HANSCOM AIR FORCE BASE, Mass. – Three members of the Digital Directorate, headquartered here, won 2020 individual Air Force Life Cycle Management Center Engineering Awards during a virtual ceremony Feb. 18.
Tony “Scoop” Jarry of the Aerospace Dominance Enabler Division, Hill Air Force Base, Utah, was honored with the Fredrick T. Rall Lifetime Achievement Award. Amber Gilbert of the Strategic Warning and Surveillance Systems Division at Peterson Air Force Base, Colorado, won the Engineering Director’s Award. Second Lt. Timothy Emeott of Detachment 12, Kessel Run, headquartered in Boston, won for Engineering Support.
“I am very proud of our exceptional team who work tirelessly to get new technology into warfighters’ hands quickly,” said Steve Falcone, director of engineering, Digital Directorate.
Twenty-four years of test, engineering, and program management experience, coupled with 21 years of active duty service as an Air Force officer in the same field, earned Jarry the Fredrick T. Rall Lifetime Achievement Award.
Since Jan. 1, 2005, Jarry has worked to develop, test, and sustain joint and Air Force acquisition programs. As engineering branch chief, Jarry reduced B-52 conventional and nuclear test training for new engineers from two years to two months.
He also drove modifications to the $750 million T-38 Propulsion Modernization Program to eliminate engine fires on 456 Air Education and Training Command jets. Jarry also served as lead engineer on a team providing remote visual awareness to Air Force Global Strike Command, enabling 24/7 overwatch to numerous strategic weapon system sites.
“All the great leaders, mentors, teammates and relationships we build in this business contribute to our successes, both personal and professional,” said Jarry. “Their influence in my life made the difference. This award is a reflection of all those people who invested in me to push harder and be better than I ever believed I could be. We never get far without each other.”
Over the past year, Gilbert led the deployment of over $21 million worth of radar components to four combatant commands, resulting in a significant increase in weapons system reliability. Her efforts supported the Upgraded Early Warning Radar’s ten-year technical roadmap, a cost-cutting measure expected to save more than a billion dollars over the next 20 years.
The measure is also expected to increase system capabilities by nearly 40 percent, said Falcone.
“It’s really exciting to see our sustainment efforts acknowledged at the highest levels,” said Gilbert. “Our team really pours their hearts into keeping these electronic warfare systems alive and capable of performing their critical, 24/7 national security mission. I wouldn’t be here if I didn’t have an awesome team doing a fantastic job day in and day out.”
In 2020, Emeott led a twelve-member team as the acquisition lead for KRADOS, a Kessel Run all-domain operations suite. As a program manager, he also maintained a $78 million Air Operations Center Weapons System portfolio directly supporting in-theater combat operations in the Middle East.

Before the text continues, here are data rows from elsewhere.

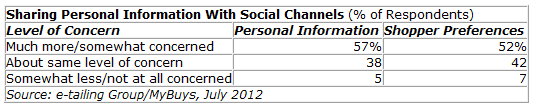 Sharing personal data with social channels – source MediaPost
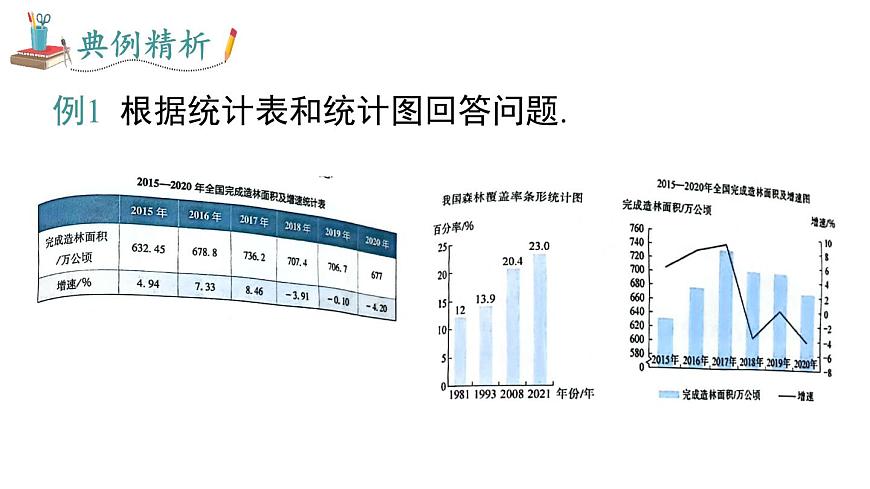 2025年沪科版七年级数学上册 5.4 从图表中的数据获取信息（课件）第7页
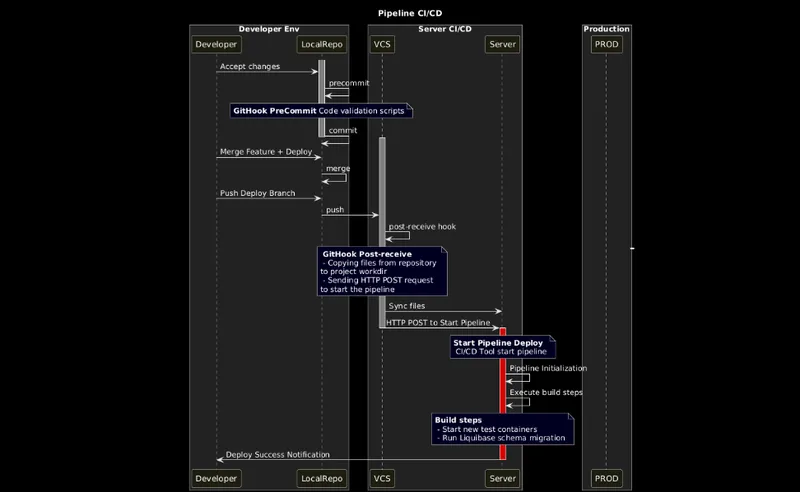 CI/CD Pipeline with modern tools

“It’s just so great to see what’s happening at Kessel Run is being recognized,” said Emeott. “Acquisition and engineering are typically siloed functions, so this win is a testament to what we’re doing, which is actively trying to break down those silos and get the best results possible.”
As a 19-year Air Force veteran, Emeott had some advice for new acquisition officers just starting out their careers.
“In order to break the mold, you have learn as much as you can about the way industry is currently doing things,” he said. “Consume as much information as you can, find out how industry is doing it, then make the changes necessary to be more competitive.”
In 2021, Emeott and his team are assessing new and creative ways to improve current contracting strategies.
AFLCMC Engineering Award winners will go on to compete at the Air Force Materiel Command level.